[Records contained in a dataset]
⟨
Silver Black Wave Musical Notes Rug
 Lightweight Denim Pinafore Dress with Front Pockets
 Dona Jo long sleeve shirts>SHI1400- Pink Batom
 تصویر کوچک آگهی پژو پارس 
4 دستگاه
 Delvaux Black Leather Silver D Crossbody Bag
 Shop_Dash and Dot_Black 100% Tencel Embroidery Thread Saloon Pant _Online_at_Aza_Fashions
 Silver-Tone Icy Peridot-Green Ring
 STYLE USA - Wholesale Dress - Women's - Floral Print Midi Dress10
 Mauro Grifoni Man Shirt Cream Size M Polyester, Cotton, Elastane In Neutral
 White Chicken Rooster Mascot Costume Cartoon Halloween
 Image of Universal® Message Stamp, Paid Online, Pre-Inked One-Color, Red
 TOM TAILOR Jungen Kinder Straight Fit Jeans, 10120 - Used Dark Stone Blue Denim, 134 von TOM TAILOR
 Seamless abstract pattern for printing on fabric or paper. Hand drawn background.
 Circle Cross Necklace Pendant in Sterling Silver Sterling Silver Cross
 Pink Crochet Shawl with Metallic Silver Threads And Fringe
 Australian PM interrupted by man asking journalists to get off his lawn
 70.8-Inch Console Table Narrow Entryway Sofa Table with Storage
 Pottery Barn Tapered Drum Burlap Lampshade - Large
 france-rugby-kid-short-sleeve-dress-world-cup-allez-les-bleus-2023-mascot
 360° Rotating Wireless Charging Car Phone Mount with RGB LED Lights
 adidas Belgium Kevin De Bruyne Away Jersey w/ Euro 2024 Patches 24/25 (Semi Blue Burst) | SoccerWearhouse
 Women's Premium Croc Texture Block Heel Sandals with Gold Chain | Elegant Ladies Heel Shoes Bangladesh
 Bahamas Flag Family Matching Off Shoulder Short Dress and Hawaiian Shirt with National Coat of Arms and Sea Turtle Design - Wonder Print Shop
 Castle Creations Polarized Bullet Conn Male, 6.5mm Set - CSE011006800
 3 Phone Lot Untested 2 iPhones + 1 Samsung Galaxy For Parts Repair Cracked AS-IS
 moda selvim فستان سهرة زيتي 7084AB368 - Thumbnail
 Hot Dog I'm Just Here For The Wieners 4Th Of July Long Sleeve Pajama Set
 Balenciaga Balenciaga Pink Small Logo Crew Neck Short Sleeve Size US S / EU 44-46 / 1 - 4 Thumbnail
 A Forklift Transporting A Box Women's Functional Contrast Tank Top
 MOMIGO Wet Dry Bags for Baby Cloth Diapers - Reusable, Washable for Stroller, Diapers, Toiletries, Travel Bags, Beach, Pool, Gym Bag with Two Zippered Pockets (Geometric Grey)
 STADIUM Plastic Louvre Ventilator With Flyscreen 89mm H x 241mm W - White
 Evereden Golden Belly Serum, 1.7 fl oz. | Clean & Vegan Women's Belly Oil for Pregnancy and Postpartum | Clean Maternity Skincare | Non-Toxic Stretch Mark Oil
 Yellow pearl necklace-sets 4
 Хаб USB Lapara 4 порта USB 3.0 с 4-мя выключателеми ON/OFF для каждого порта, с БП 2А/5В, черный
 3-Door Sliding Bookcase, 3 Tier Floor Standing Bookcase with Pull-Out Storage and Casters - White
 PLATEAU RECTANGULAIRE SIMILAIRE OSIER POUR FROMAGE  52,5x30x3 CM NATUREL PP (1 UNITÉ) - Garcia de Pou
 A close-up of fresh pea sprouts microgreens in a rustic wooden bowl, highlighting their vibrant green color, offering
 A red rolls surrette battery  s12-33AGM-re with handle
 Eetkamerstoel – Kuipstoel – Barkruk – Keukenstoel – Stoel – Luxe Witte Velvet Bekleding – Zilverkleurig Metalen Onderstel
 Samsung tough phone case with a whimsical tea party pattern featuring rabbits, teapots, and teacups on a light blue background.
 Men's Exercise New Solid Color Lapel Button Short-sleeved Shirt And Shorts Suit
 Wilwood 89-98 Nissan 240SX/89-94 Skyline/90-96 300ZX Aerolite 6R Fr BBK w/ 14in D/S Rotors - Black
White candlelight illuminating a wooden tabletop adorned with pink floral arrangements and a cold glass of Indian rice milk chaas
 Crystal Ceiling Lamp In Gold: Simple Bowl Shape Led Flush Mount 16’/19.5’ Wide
⟩
Task statement: Your job is to print exactly the lines that run from the top of the entries through the line with "Mauro Grifoni Man", and no others.

Exercise answer:
Silver Black Wave Musical Notes Rug
 Lightweight Denim Pinafore Dress with Front Pockets
 Dona Jo long sleeve shirts>SHI1400- Pink Batom
 تصویر کوچک آگهی پژو پارس 
4 دستگاه
 Delvaux Black Leather Silver D Crossbody Bag
 Shop_Dash and Dot_Black 100% Tencel Embroidery Thread Saloon Pant _Online_at_Aza_Fashions
 Silver-Tone Icy Peridot-Green Ring
 STYLE USA - Wholesale Dress - Women's - Floral Print Midi Dress10
 Mauro Grifoni Man Shirt Cream Size M Polyester, Cotton, Elastane In Neutral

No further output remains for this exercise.